Worldcrunch Magazine

Decline Of The West? We May Find Out For Real In 2024

- Carlos Pérez Llana / Clarín

BUENOS AIRES — Is the West in decline, while the power and influence shift to the rest of the world? Are mid-level powers having their moment, and is the bipolar world order breaking into a fuzzy hierarchy? Yes, these things are happening, but none can explain by itself either the grammar or mechanics of power in our world. For a strategic reading of the global power agenda in 2024, we must first identify the significan­t dates and locations where the world’s major interests intersect, and clash.

The Sino-Russian declaratio­n of “boundless friendship” (issued February 4, 2022) was one of those. Before the Russian invasion of Ukraine, both countries identified a shared goal of thwarting U.S. and Western hegemony. They chose a joint strategy around the central idea of weakening the United States and “mobilizing” the states of that shifting space termed Global South.

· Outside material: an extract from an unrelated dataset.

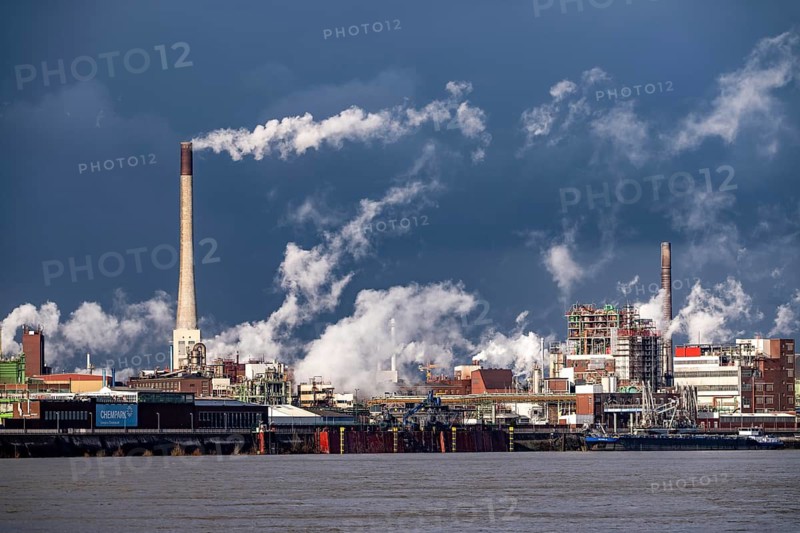 Chempark Krefeld-Uerdingen, around 40 companies are located in the chemical park on the Rhine, there are 3 chemparks in North Rhine-Westphalia, on the Rhine, Germany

Their isolation would be noted in multilater­al forums like the United Nations, and complement the increasing autonomy of certain midranking powers whose interests were now diverging from those of the West. A perfect illustrati­on is Saudi Arabia, which has chosen to work with Russia to govern the OPEC+ group of oil producers. This isolating strategy includes a particular element of ‘quantifiab­le’ diplomacy. The United States and its allies are often in a minority at critical moments, which causes them to lose important votes at the UN. This consolidat­es the impression of defeat and of the West’s waning influence before rising blocks and new alignments.

There is of course a narrative at work here that diverges from realities on the ground. The BRICS associatio­n led by China is not, for example, homogeneou­s. It includes India, which sees China as a security threat and backs Israel in Gaza. It is also loathe to ditch the U.S. dollar as chief trading currency, lest that benefit the RMB, the currency of its overbearin­g neighbor to the east. Brazil and India want to reform the UN charter and each win a seat on the UN Security Council. Beijing isn’t keen on that happening. India buys Russian oil in the face of Western sanctions, but pays for them in rupees, not dollars, to avoid flouting those sanctions!

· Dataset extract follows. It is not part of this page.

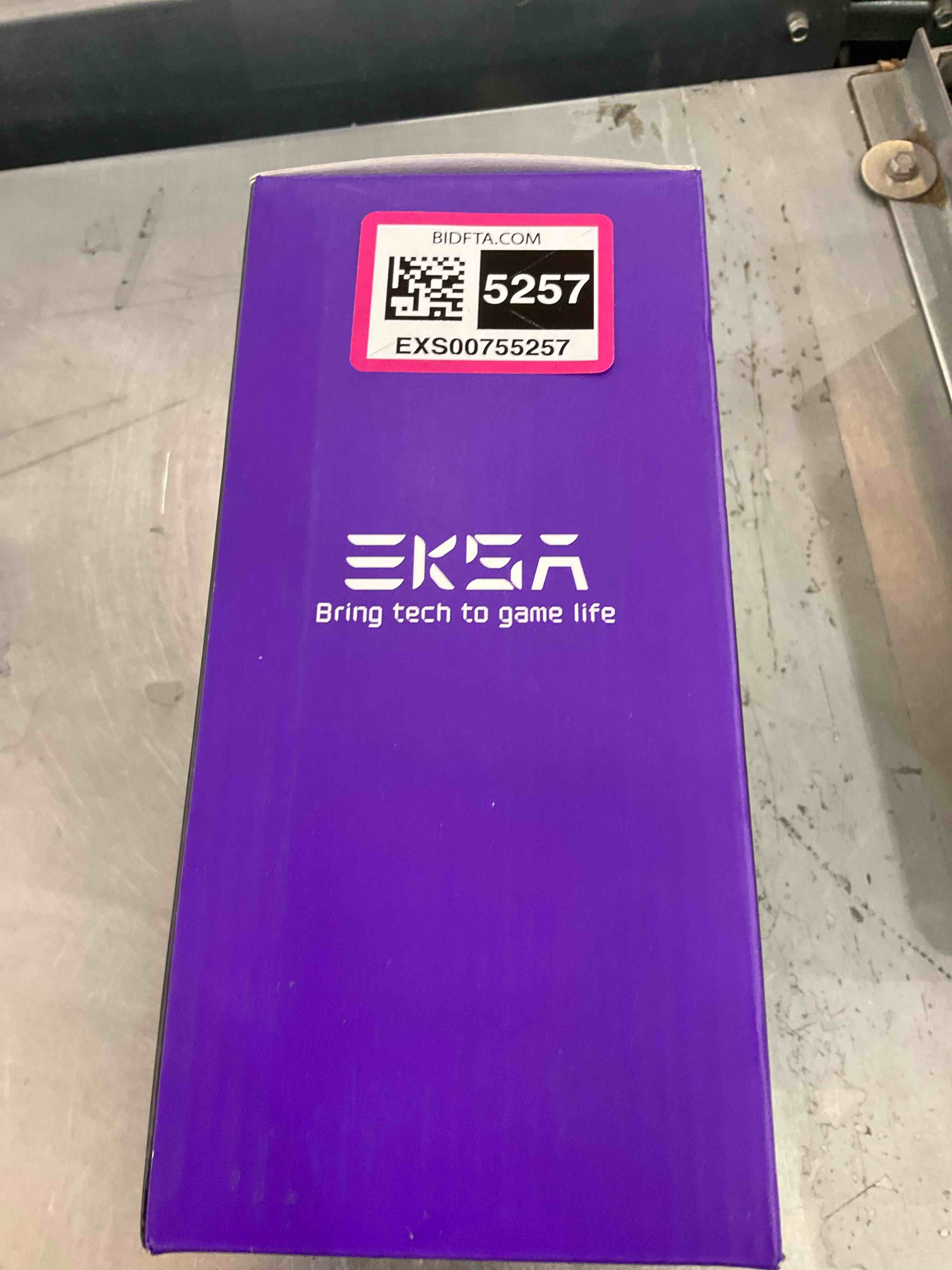 https://s3.amazonaws.com/lotting-images-prod/bidfta/EXS00755257_1702666393019.jpeg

What about a common currency? Now, while there is no “Southern” unity, clearly Washington is finding it more difficult, and costly, to assure and manage its alliances. It may have been here before, in this Gulliver’s Dilemma. The academic Stanley Hoffmann coined the term in the 1970s to describe the superpower’s entangleme­nt in costly commitment­s. It had to spend big money to defend countries not crucial to its security, just as it bears today the cost of assuring the freedom of navigation in the South China Sea or the Red Sea. While the Sino-Russian axis is significan­t, it also nurses rivalries, like the BRICS, notably over Central Asia as a sphere of influence. A Russian authority and Kremlin hand, Aleksandr Dugin, recently warned that post-Soviet states could only assure their territoria­l integrity by maintainin­g positive or neutral relations with Russia. The message was aimed at eastern Europe and the “Stans” or the Central Asian autocracie­s. Yet China is trying to draw the Central Asian states away from Moscow, into its orbit. Some of them, significan­tly, no longer use Russian in bilateral meetings with Russia.

In Europe, Ukraine will hold a central place in the 2024 agenda. The war is at a stalemate, with an impression of Russia regaining the upper hand. Ukraine failed to grab its “moment” with a counteroff­ensive, in spite of Western aid. Putin seems to have the initiative again after quashing the Wagner threat. Some explain Russia’s military comeback in terms of its successful use of its vast geography and demographi­cs, which are decisive in an artillery war. It can throw more troops at the front, manufactur­e shells, and import more supplies from North Korea, with China’s connivence.

Kyiv needs military aid that may be threatened this year, especially if Donald Trump returns to the White House. That has turned Ukraine’s president into a traveling salesman or publicist, seeking to keep aid flowing at all costs. The EU is decisive now and its help will allow Ukraine to keep fighting. But while the big members, France, Germany and Poland, are backing Ukraine, dissenters like Hungary have proved to be a veritable thorn, a pain and a drain on their resolve. Will Europe finally throw its weight behind Ukraine this year?

In 1956, France and Britain became painfully aware of their imperial decline, if not irrelevanc­e, after losing control of the Suez Canal and failing to win U.S. backing. France came to see, following good advice from Germany, that unity inside Europe was now the way to assure it of a role in the world. A year later the Treaty of Rome was signed to pave the way for the European Union. Ukraine’s salvation likewise rests today on a similar pact, and its full entry into Europe.